Exercise:
Please output exactly the lines from the one that holds "Sára a traja Otovia - Tiina Nopola" through the final line of the data, and nothing else; leave out any pictures.

Data provided:
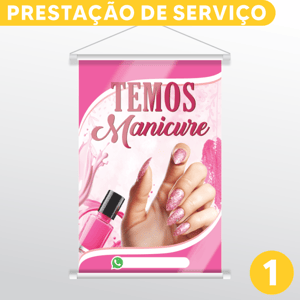 COMBO BANNER - PRESTAÇÃO DE SERVIÇO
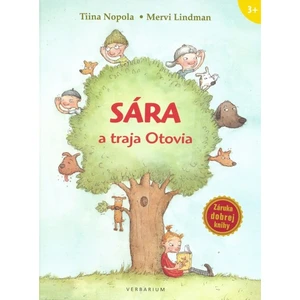 Sára a traja Otovia - Tiina Nopola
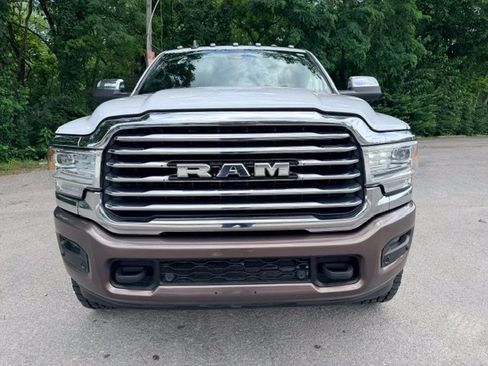 Used 2021 RAM 2500 Limited AWD/4WD image 2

Reply to the exercise:
 Sára a traja Otovia - Tiina Nopola
 Used 2021 RAM 2500 Limited AWD/4WD image 2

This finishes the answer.